Non-GAAP adjusted net income of $39.6 million to $45.1 million. Non-GAAP adjusted net income per diluted share of $1.21 to $1.38, based on an estimated 32.7 million diluted shares and an estimated effective tax rate of approximately 38.5%. We expect cash flow from operations of $85 million to $95 million and capital expenditures of approximately 5% to 6% of total revenue.

On slide ten, we have provided some additional detail on the impact of ANGEL Learning on our updated financial guidance. This information – the information provided is based on the midpoint of the financial guidance I just provided. Blackboard expects to recognize approximately $7 million in GAAP revenue from ANGEL during the remainder of this year. We currently estimate that we will write down a total of $6 million in deferred revenues as a result of purchase accounting. For the second quarter and full-year 2009, we estimate the write down to be $2 million and $5 million respectively.

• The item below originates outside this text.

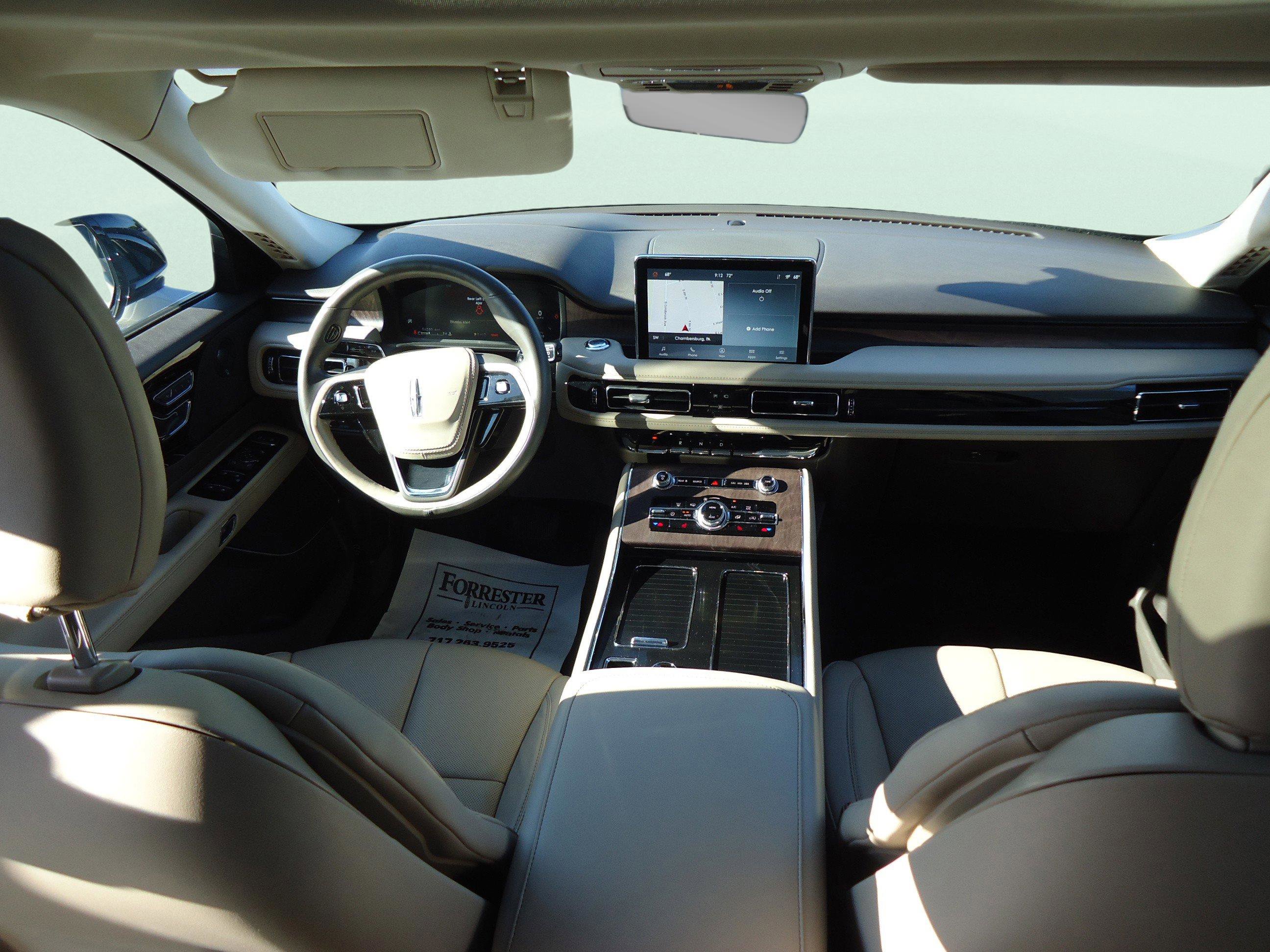 Used 2023 Lincoln Aviator Reserve w/ Class IV Trailer Tow Package image 10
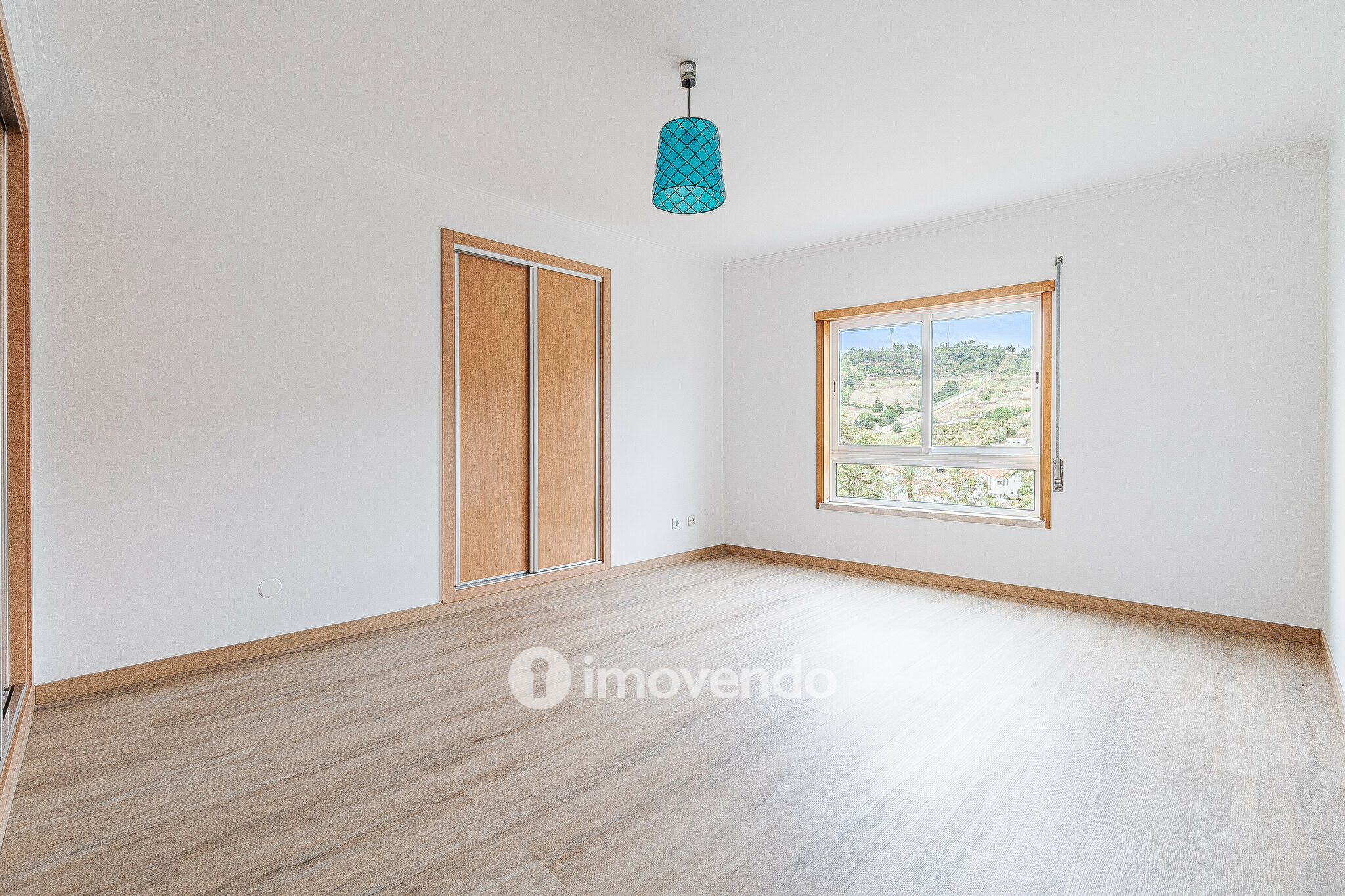 Apartamento T3 com estacionamento em S. João dos Montes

At the midpoint of our guidance, Blackboard expects the transaction to be dilutive for the full-year 2009 on a GAAP basis by approximately $0.28 per diluted share and on an adjusted non-GAAP basis by approximately $0.14 per diluted share. The non-GAAP dilution is the result of the write down of deferred revenues and non-recurring merger related costs and the GAAP dilution is impacted by these items as well as the increased amortization expense.

We currently estimate a total of $4 million in non-recurring merger cost. For the second quarter and full-year 2009, we estimate merger cost to be $2 million and $3 million respectively. Additionally, we estimate a total of $40 million in identified intangibles which will be amortized over three to five years. We estimate amortization expense in 2009 will increase by $7.4 million as a result of the ANGEL acquisition.

We do not expect the acquisition of ANGEL to have a material impact on cash flow in 2009 as its positive cash flow will be offset by non-recurring merger costs. Looking to 2010, we would expect the ANGEL revenue stream to experience very modest growth, but to contribute at least $0.10 to our non-GAAP earnings.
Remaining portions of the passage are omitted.